Definitely something odd going on. I get the occasional seg fault running smart test -all -q -rs 1671026029
.
When I get the seg fault, the tests are not repeating randomly the same way they do with a random seed set. Something is getting corrupted it seems. When all is well, setting a random seed with the same parameters guarantees the same tests are being run.
Also interesting that two runs that crashed have almost identical test results to each other. Only one result for ASKIP is slightly different, all others are the same. But they are completely different to the runs without a crash.
So without a crash we get deterministic tests. With a crash we get kind of deterministic tests compared to each other, but not to the without a crash tests.
So I managed to get my system to actually record core dumps (was configured with a max size of 0!), and look at what was going on when it crashed.
The actual seg fault is in the FS-W2 algorithm. The S2 parameter gets hopelessly negative and seg faults trying to access the text at a bad position. So the test code itself is not seg faulting, we just have a buggy algorithm.
That doesn't explain why the test runs (which should be randomized deterministically from the same seed) vary sometimes. These are two different problems it seems.
When it doesn't crash, it's using a different set of tests. When the results vary, it just accidentally managed to trigger a seg fault in the FS-W2 algorithm due to the perfectly valid parameters it was passed.
So we have two issues:
1) Seg fault in FS-W2 algorithm. 2) Randomised tests are not always deterministically repeated with the same seed.

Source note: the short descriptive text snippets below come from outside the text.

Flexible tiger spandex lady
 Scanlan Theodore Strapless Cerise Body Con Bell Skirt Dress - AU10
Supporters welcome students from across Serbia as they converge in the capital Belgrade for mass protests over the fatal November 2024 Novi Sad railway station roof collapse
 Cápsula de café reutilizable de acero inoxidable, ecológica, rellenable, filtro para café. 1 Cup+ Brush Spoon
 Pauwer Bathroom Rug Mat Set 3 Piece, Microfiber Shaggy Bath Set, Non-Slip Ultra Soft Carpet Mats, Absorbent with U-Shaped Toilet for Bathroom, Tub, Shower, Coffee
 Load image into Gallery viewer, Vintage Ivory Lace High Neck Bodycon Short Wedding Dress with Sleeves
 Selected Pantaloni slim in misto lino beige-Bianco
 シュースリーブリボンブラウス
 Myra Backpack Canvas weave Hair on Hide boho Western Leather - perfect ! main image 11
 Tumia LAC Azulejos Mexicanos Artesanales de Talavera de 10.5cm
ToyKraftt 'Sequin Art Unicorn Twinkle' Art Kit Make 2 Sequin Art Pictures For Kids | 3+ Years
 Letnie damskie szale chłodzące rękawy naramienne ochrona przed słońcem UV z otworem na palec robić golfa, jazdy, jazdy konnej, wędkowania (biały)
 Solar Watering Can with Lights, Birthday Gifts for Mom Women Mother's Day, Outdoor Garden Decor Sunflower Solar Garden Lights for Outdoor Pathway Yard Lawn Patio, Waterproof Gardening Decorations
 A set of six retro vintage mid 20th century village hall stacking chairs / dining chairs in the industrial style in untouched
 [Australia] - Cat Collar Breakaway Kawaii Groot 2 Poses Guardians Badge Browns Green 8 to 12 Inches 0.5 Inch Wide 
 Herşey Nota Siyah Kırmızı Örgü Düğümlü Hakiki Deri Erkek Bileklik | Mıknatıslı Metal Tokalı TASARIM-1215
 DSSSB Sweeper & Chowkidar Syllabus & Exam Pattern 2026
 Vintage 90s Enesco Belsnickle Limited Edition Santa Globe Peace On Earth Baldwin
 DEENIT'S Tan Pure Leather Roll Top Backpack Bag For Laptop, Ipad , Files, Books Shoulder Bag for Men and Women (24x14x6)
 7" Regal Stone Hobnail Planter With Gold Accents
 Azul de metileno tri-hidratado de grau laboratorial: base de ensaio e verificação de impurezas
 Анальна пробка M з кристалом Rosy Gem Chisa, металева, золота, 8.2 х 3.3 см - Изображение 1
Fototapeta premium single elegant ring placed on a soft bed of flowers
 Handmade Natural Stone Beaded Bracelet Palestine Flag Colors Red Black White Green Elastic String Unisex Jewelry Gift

I have seen seg faults in these algorithms before in fact due to their parameters going wildly out and accessing text at bad positions. So I'm fairly convinced that is an algo bug.
Some more data points:
1) I have failed to reproduce the seg fault in the FS-W2 algorithm with the random seed directly. It only manifests when I run -all the tests, so the preceding algorithms run too. This indicates it is getting a different pattern/text/length to what the random seed would indicate.
2) The random seed variable has not been corrupted. It has the correct value in the core dump.
It's actually quite easy to crash FS-W2, the specific random seed doesn't matter.
The test it fails on is the new partial_pattern_at_start_test, which puts a partial copy of a real pattern (minus the first char) at the start of the text, to see if we can trick the algorithm into reading too far back.
No algorithms seg fault now. Well, none have for a while.
Many algorithms still have bugs in them, but at least all the tests complete and they are deterministic.
What do you mean by deterministic? Is there a seed?
Some algorithms read memory that they shouldn't. If the text and pattern buffers are not initialized to zero, they exhibit different behavior even though they have the same random seed, as they are uninitialized values.
Previously, I would only copy the pattern or text data that was required for a particular test, so there could be bits of those buffers at the end with uninitialized values.
OK. I swear that's the last change I'll make, it's fine to merge.